- [Task requirements]: Once the line containing "Hoofdafbeelding Volkswagen Taigo" is located, give it again exactly, together with each line that follows it to the end of the entries, and add nothing else.

**** Given records ****

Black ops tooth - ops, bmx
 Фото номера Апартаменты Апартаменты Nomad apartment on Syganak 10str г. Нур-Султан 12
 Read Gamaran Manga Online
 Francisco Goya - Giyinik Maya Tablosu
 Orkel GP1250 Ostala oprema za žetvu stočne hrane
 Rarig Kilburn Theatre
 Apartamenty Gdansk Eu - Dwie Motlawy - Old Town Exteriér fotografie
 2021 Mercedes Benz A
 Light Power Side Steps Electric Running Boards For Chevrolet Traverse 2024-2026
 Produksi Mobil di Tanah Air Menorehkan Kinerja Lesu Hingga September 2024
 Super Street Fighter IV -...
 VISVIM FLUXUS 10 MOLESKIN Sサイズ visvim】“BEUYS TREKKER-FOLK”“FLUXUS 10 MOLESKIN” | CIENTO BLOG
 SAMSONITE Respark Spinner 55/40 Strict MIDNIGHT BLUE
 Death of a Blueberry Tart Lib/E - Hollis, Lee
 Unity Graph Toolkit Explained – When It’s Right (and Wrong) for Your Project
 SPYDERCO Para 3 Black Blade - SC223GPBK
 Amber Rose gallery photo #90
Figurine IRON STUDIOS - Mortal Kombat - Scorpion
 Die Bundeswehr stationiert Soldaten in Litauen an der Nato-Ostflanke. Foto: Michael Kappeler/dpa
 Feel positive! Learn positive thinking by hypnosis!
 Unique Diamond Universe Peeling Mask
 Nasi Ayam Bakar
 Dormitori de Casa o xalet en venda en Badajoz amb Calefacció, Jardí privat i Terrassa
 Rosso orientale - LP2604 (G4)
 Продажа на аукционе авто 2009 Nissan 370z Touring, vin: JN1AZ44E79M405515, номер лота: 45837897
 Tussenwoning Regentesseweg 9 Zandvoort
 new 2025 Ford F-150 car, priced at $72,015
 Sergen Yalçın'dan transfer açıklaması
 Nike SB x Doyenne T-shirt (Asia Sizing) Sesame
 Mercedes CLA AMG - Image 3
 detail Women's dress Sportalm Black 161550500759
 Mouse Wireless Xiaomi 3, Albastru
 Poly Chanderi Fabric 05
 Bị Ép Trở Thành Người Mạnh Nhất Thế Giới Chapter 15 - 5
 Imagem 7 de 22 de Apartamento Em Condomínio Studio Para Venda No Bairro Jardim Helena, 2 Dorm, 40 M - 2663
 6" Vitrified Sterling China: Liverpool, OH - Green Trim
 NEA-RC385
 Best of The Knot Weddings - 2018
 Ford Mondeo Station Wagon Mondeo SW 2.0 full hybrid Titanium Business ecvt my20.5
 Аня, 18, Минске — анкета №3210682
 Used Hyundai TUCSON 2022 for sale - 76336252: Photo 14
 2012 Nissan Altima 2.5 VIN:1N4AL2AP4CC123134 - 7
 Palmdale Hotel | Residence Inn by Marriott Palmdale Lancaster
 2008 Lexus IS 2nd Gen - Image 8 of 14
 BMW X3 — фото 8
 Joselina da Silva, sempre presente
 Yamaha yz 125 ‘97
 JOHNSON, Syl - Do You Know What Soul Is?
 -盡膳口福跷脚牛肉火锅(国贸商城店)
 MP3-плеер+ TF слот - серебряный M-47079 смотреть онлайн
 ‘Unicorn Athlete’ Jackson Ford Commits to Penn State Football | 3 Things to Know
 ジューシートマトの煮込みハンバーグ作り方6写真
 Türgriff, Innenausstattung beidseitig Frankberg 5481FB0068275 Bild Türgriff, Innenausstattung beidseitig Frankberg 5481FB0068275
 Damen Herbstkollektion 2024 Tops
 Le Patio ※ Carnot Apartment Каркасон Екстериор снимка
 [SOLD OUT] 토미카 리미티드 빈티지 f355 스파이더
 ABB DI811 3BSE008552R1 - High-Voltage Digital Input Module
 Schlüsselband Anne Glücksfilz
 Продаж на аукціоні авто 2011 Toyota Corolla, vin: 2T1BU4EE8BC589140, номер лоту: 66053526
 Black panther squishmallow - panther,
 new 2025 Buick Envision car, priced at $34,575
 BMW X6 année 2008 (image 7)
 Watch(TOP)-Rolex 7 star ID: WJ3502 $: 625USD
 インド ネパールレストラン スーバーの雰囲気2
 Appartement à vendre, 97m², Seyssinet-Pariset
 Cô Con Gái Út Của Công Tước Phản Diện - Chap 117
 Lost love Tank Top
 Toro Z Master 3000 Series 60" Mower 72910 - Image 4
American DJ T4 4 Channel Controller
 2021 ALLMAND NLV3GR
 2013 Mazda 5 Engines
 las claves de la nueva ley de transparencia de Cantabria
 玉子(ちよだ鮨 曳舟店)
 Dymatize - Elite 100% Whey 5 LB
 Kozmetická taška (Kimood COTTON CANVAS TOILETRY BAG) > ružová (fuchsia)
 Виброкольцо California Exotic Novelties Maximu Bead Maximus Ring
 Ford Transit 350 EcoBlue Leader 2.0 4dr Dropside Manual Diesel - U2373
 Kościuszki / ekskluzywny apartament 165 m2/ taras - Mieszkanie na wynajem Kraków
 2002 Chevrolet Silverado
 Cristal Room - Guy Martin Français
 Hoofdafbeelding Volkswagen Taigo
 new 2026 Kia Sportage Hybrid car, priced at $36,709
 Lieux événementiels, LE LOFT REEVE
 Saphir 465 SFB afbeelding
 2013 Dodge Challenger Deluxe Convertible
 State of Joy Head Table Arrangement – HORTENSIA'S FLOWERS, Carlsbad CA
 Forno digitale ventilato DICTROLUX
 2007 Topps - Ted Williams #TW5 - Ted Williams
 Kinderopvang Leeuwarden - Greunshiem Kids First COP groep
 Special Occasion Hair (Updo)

****

- [Reply]:
 Hoofdafbeelding Volkswagen Taigo
 new 2026 Kia Sportage Hybrid car, priced at $36,709
 Lieux événementiels, LE LOFT REEVE
 Saphir 465 SFB afbeelding
 2013 Dodge Challenger Deluxe Convertible
 State of Joy Head Table Arrangement – HORTENSIA'S FLOWERS, Carlsbad CA
 Forno digitale ventilato DICTROLUX
 2007 Topps - Ted Williams #TW5 - Ted Williams
 Kinderopvang Leeuwarden - Greunshiem Kids First COP groep
 Special Occasion Hair (Updo)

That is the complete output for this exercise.